[Scraped caption text data]

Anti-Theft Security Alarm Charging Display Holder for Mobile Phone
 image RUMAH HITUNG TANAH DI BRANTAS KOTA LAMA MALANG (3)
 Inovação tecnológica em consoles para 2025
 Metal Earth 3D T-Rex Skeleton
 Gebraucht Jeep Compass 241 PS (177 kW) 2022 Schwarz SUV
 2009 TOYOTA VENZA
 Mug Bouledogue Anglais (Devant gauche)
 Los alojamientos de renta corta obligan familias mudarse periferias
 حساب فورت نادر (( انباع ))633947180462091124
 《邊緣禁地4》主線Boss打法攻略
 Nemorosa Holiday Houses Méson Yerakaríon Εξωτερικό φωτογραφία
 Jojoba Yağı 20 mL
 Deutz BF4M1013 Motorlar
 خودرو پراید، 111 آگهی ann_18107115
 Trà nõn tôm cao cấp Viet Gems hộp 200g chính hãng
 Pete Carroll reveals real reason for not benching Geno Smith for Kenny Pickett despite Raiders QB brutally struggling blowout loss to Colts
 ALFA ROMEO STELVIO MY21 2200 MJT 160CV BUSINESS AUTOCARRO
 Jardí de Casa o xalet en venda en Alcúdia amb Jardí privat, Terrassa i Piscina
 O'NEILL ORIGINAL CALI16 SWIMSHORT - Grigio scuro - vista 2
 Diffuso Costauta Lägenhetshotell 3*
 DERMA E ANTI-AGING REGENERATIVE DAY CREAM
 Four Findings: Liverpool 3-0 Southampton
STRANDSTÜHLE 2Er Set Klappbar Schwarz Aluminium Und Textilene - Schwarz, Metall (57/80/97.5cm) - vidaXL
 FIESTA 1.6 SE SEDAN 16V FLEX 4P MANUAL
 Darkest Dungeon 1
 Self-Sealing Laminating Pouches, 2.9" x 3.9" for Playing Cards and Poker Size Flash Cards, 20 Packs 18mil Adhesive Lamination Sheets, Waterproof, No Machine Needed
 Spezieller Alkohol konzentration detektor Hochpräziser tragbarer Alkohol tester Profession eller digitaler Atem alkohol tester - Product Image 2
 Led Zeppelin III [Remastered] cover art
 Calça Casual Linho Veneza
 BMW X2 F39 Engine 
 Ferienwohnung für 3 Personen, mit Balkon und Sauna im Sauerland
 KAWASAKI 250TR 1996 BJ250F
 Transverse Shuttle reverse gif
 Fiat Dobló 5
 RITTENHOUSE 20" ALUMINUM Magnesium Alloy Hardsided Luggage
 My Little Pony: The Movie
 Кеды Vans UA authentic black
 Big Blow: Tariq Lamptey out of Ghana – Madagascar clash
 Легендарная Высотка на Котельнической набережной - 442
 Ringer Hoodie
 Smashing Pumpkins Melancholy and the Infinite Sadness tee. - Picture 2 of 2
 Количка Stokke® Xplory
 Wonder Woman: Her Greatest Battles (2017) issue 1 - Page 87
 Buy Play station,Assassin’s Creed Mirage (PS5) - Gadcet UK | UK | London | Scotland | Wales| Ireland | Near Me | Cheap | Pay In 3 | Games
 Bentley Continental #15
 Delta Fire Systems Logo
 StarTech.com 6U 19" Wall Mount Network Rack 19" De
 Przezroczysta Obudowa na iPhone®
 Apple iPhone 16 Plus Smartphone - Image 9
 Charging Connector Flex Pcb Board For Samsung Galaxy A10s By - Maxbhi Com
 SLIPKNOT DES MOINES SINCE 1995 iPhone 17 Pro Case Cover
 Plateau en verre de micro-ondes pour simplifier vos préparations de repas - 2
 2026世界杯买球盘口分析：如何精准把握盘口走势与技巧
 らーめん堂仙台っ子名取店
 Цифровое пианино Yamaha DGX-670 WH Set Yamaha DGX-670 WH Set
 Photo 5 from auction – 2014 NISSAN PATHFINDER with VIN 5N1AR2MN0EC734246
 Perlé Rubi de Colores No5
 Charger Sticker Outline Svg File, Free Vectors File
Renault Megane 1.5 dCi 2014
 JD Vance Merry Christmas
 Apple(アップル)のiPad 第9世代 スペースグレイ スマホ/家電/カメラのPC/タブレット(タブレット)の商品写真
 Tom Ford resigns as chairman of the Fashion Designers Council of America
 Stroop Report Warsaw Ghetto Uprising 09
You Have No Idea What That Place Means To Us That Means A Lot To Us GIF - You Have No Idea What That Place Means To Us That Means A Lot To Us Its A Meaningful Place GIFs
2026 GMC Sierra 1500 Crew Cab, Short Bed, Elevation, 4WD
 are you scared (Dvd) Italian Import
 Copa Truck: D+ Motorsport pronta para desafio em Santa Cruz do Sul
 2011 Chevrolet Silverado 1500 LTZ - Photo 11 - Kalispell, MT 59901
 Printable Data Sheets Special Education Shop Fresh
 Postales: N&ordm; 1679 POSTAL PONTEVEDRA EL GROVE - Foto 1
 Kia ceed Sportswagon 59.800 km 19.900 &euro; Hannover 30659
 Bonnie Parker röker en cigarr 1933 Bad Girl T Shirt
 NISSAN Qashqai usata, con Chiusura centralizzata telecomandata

• What needs to be done:
Retype the entries one by one, exactly.

• Final answer:
Anti-Theft Security Alarm Charging Display Holder for Mobile Phone
 image RUMAH HITUNG TANAH DI BRANTAS KOTA LAMA MALANG (3)
 Inovação tecnológica em consoles para 2025
 Metal Earth 3D T-Rex Skeleton
 Gebraucht Jeep Compass 241 PS (177 kW) 2022 Schwarz SUV
 2009 TOYOTA VENZA
 Mug Bouledogue Anglais (Devant gauche)
 Los alojamientos de renta corta obligan familias mudarse periferias
 حساب فورت نادر (( انباع ))633947180462091124
 《邊緣禁地4》主線Boss打法攻略
 Nemorosa Holiday Houses Méson Yerakaríon Εξωτερικό φωτογραφία
 Jojoba Yağı 20 mL
 Deutz BF4M1013 Motorlar
 خودرو پراید، 111 آگهی ann_18107115
 Trà nõn tôm cao cấp Viet Gems hộp 200g chính hãng
 Pete Carroll reveals real reason for not benching Geno Smith for Kenny Pickett despite Raiders QB brutally struggling blowout loss to Colts
 ALFA ROMEO STELVIO MY21 2200 MJT 160CV BUSINESS AUTOCARRO
 Jardí de Casa o xalet en venda en Alcúdia amb Jardí privat, Terrassa i Piscina
 O'NEILL ORIGINAL CALI16 SWIMSHORT - Grigio scuro - vista 2
 Diffuso Costauta Lägenhetshotell 3*
 DERMA E ANTI-AGING REGENERATIVE DAY CREAM
 Four Findings: Liverpool 3-0 Southampton
STRANDSTÜHLE 2Er Set Klappbar Schwarz Aluminium Und Textilene - Schwarz, Metall (57/80/97.5cm) - vidaXL
 FIESTA 1.6 SE SEDAN 16V FLEX 4P MANUAL
 Darkest Dungeon 1
 Self-Sealing Laminating Pouches, 2.9" x 3.9" for Playing Cards and Poker Size Flash Cards, 20 Packs 18mil Adhesive Lamination Sheets, Waterproof, No Machine Needed
 Spezieller Alkohol konzentration detektor Hochpräziser tragbarer Alkohol tester Profession eller digitaler Atem alkohol tester - Product Image 2
 Led Zeppelin III [Remastered] cover art
 Calça Casual Linho Veneza
 BMW X2 F39 Engine 
 Ferienwohnung für 3 Personen, mit Balkon und Sauna im Sauerland
 KAWASAKI 250TR 1996 BJ250F
 Transverse Shuttle reverse gif
 Fiat Dobló 5
 RITTENHOUSE 20" ALUMINUM Magnesium Alloy Hardsided Luggage
 My Little Pony: The Movie
 Кеды Vans UA authentic black
 Big Blow: Tariq Lamptey out of Ghana – Madagascar clash
 Легендарная Высотка на Котельнической набережной - 442
 Ringer Hoodie
 Smashing Pumpkins Melancholy and the Infinite Sadness tee. - Picture 2 of 2
 Количка Stokke® Xplory
 Wonder Woman: Her Greatest Battles (2017) issue 1 - Page 87
 Buy Play station,Assassin’s Creed Mirage (PS5) - Gadcet UK | UK | London | Scotland | Wales| Ireland | Near Me | Cheap | Pay In 3 | Games
 Bentley Continental #15
 Delta Fire Systems Logo
 StarTech.com 6U 19" Wall Mount Network Rack 19" De
 Przezroczysta Obudowa na iPhone®
 Apple iPhone 16 Plus Smartphone - Image 9
 Charging Connector Flex Pcb Board For Samsung Galaxy A10s By - Maxbhi Com
 SLIPKNOT DES MOINES SINCE 1995 iPhone 17 Pro Case Cover
 Plateau en verre de micro-ondes pour simplifier vos préparations de repas - 2
 2026世界杯买球盘口分析：如何精准把握盘口走势与技巧
 らーめん堂仙台っ子名取店
 Цифровое пианино Yamaha DGX-670 WH Set Yamaha DGX-670 WH Set
 Photo 5 from auction – 2014 NISSAN PATHFINDER with VIN 5N1AR2MN0EC734246
 Perlé Rubi de Colores No5
 Charger Sticker Outline Svg File, Free Vectors File
Renault Megane 1.5 dCi 2014
 JD Vance Merry Christmas
 Apple(アップル)のiPad 第9世代 スペースグレイ スマホ/家電/カメラのPC/タブレット(タブレット)の商品写真
 Tom Ford resigns as chairman of the Fashion Designers Council of America
 Stroop Report Warsaw Ghetto Uprising 09
You Have No Idea What That Place Means To Us That Means A Lot To Us GIF - You Have No Idea What That Place Means To Us That Means A Lot To Us Its A Meaningful Place GIFs
2026 GMC Sierra 1500 Crew Cab, Short Bed, Elevation, 4WD
 are you scared (Dvd) Italian Import
 Copa Truck: D+ Motorsport pronta para desafio em Santa Cruz do Sul
 2011 Chevrolet Silverado 1500 LTZ - Photo 11 - Kalispell, MT 59901
 Printable Data Sheets Special Education Shop Fresh
 Postales: N&ordm; 1679 POSTAL PONTEVEDRA EL GROVE - Foto 1
 Kia ceed Sportswagon 59.800 km 19.900 &euro; Hannover 30659
 Bonnie Parker röker en cigarr 1933 Bad Girl T Shirt
 NISSAN Qashqai usata, con Chiusura centralizzata telecomandata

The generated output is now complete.